Rejim SBY-Boediono dalam setiap laporan tahunan terkait hak-hak kaum buruh pada lembaga internasional seperti ILO di Genewa, selalu menyampaikan kebohongan,Kenapa dikatakan kebohongan karena meski banyak peraturan Internasional yang telah diratifikasi dan menjadi hukum positip di Indonesia pada kenyataannya tidak dijalankan dengan baik. Kewajiban negara untuk memastikan semua peraturan perundang-undangan berjalan pada kenyataannya sangat diabaikan.

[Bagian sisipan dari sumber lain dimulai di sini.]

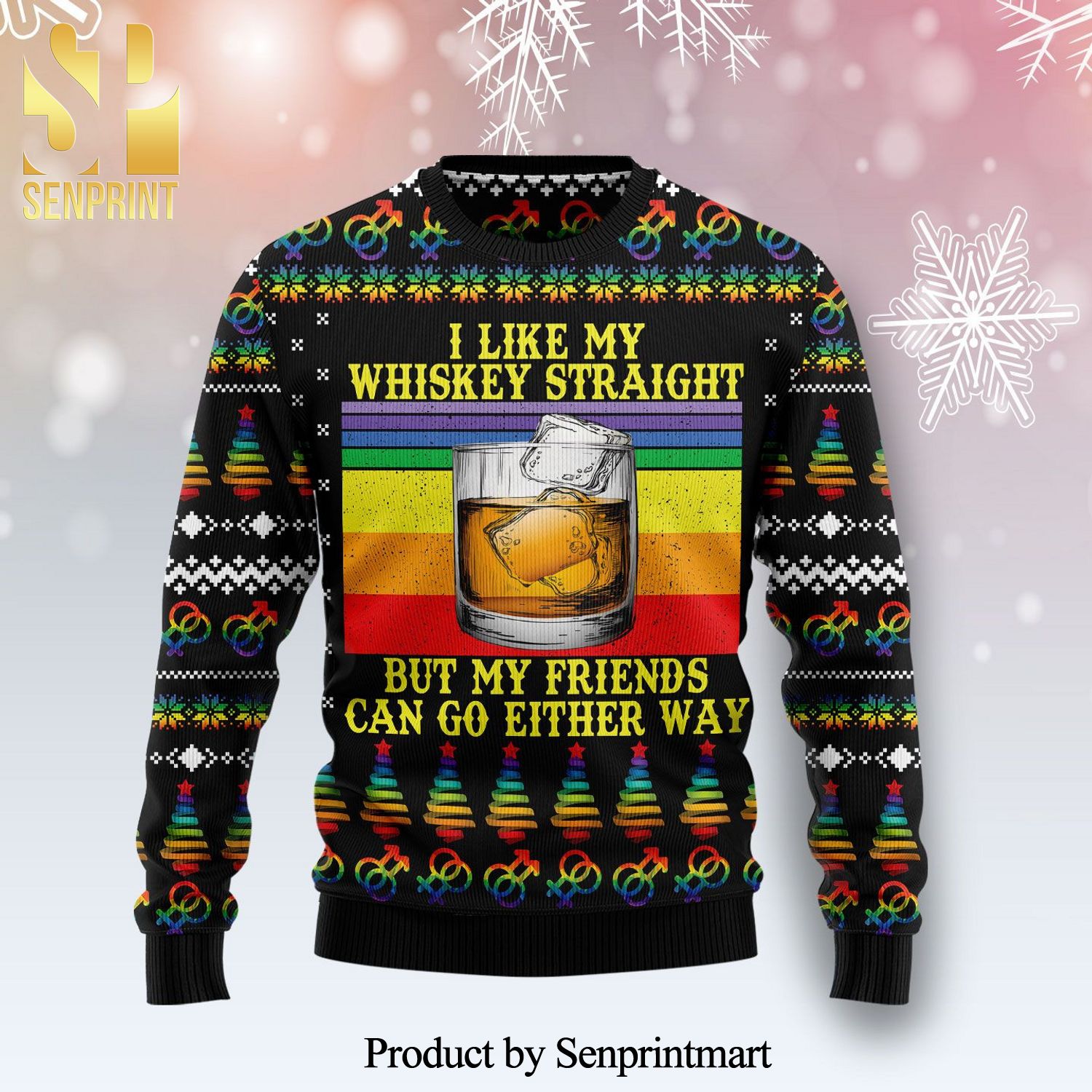 LGBT Whiskey Straight Knitted Ugly Christmas Sweater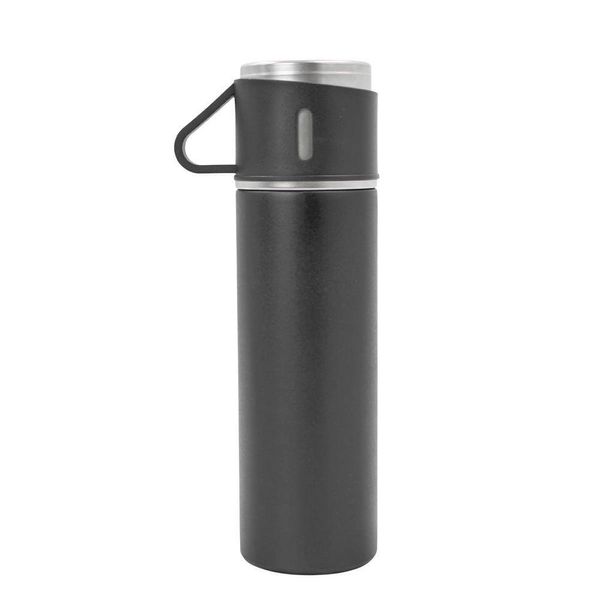 Garrafa Termica Com Copo Parede Dupla Inox Squeeze 500ml Preto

Pemberangusan serikatburuh jika dilaporkan pada penegak hukum ternyata malah tidak memahami dan tidak mengetahui tentang mekanisme yang tepat yang semestinya diambil dan melakukan pengawasan dan penyidikan yang lebih parah ketika pengusaha telah dinyatakan melakukan bentuk pelanggaran pidana dengan bentuk menghalang-halangi hak berserikat bagi buruh tidak satupun pengusaha yang dijebloskan dalam sel tahanan lanjut Ismett.
Dalam diskusi bulanan ini Machmud Permana yang diminta menjadi fasilitator diskusi juga menambahkan bahwa dari tahun 1950 dimana Indonesia menjadi anggota PBB dan ILO baru 17 (tujuh belas) kasus pengaduan yang disampaikan kepada komite kebebasan berserikat ILO di Genewa, tentu ini adalah presentasi yang cukup kecil mengingat pelanggaran kebebasan berserikat sangat marak di Indonesia. (RTM/SI 2011).